The meeting occurred on 29 September 1972 on the thirty-sixth floor of the New York law office of Lelchuk’s lawyer, Martin Garbus. Roth, Lelchuk, Mailer, Robert Giroux (an FSG editor), Georges Borchardt (Lelchuk’s agent), and others were present. Mailer was in a suit but with no tie and his shirt open and “wild hair.” Lelchuk, defending his first book, wore a sport coat and tie and carried a briefcase. An account of the gathering published in the New York Times of 18 October reversed the dress, with Mailer in a pin-striped suit and Lelchuk the bohemian and “bearded bachelor.” (The thirty- four-year-old Lelchuk, then teaching at Brandeis, was, in fact, bearded at the time.) At Roth’s suggestion, Lelchuk would treat the encounter as if he were teaching a class.

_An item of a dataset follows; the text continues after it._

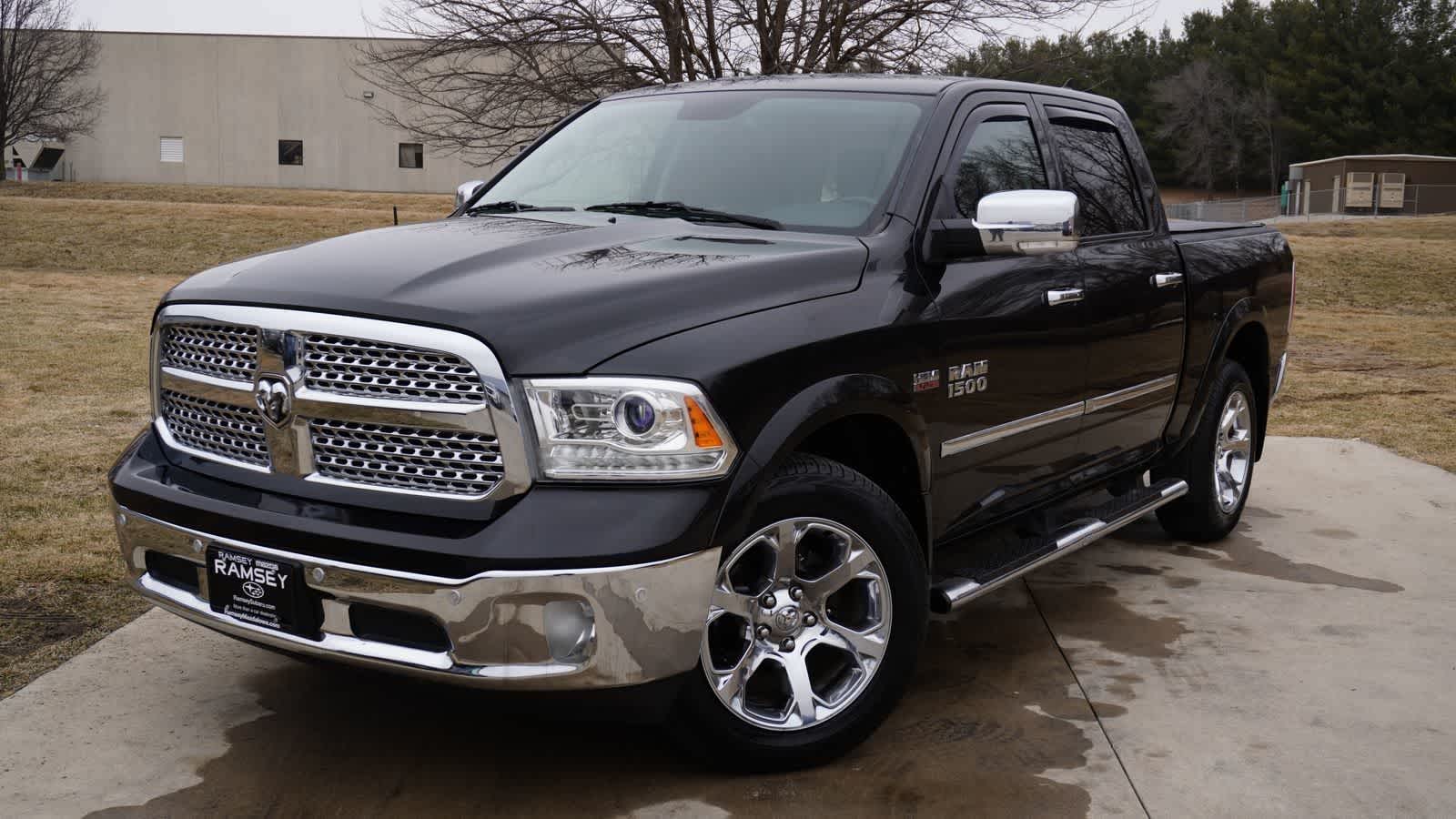 2017 RAM 1500 Laramie Crew Cab 4WD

Roth was an artful ally not only of Lelchuk but of Roger Straus: he knew of Straus’s anger in 1970 over the slight to Portnoy’s Complaint when it failed to win the National Book Award.Mailer attacked the moment Lelchuk and Roth were seated: “I’d like to beat you two guys to death,” he shouted. “Understand me?” Roth angrily responded, according to Lelchuk’s account, with “Don’t you pull that stuff! You’re not going to bully me or Alan with that violent talk! Got that?” Garbus tried to establish some order. (Pete Hamill, the journalist, was to be Mailer’s second, but he didn’t show.)

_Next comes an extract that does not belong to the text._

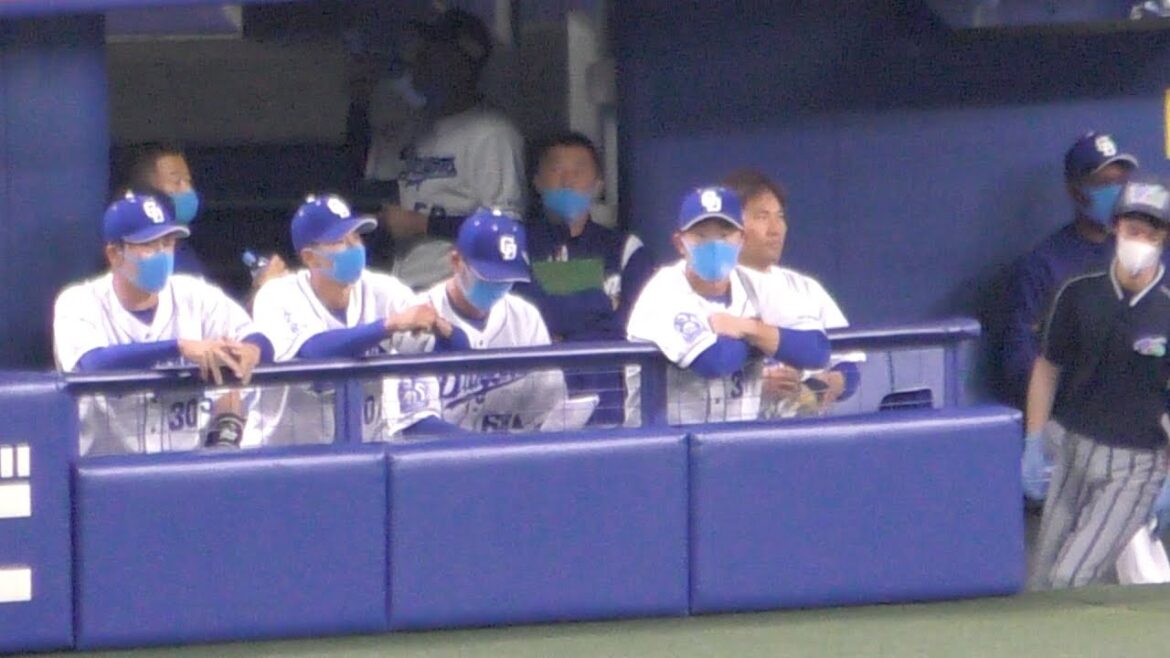 三好大倫 髙松渡 桂依央利 三ツ俣大樹 平田良介 試合中のベンチ【中日ドラゴンズ 2021年 プロ野球 オープン戦】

Mailer then went after Roth as if he, not Lelchuk, had written the scene. It turned out later that Mailer had not read Roth’s Esquire piece, nor the book in galleys. Rembar, Mailer’s cousin, they later learned, then tried a different tack: just remove the scene. Garbus cried censorship, supported by Roth. Mailer backed down, but for the next two hours there was a mixture of “Hemingwayesque profundities and Hollywood poses, and all the way through a stream of physical threats.” Mailer was convinced that either Roth or Philip Rahv put Lelchuk up to writing the offensive scene, encouraging would-be assassins and holding him up to ridicule. Lelchuk responded by claiming that Mailer always provoked people to an adversarial, combative, and even murderous stance toward himself and referred to him as the “Muhammad Ali of novelists.”
But Mailer could not separate criticism from ridicule, offering new antagonisms toward Styron, Bellow, and, of course, Roth, who had suggested using Mailer’s own words against him. Mailer responded by stating that the depiction of his death was more fitting for Roth than for Mailer. Taking his pants down in order to survive was the way Mailer would depict Roth behaving if Mailer were writing the scene. “Obviously,” Lelchuk wrote, “I didn’t know the first thing about Mailer himself.” Lelchuk again argued that it was his protagonist, Lenny Pincus, who acted with dishonor in the scene, not Mailer. Twice Mailer said he wasn’t interested in pursuing any legal action. In fact, Lelchuk felt he met not Mailer the defender of freedom but a fake, an imposter: “Beneath the studied rage, the venal bullying . . . was an ordinary man whose feelings were hurt.” The meeting ended as it had started, with threats, Mailer in a Godfather-like tone whispering, “Revenge is a dish tasted best when cold.”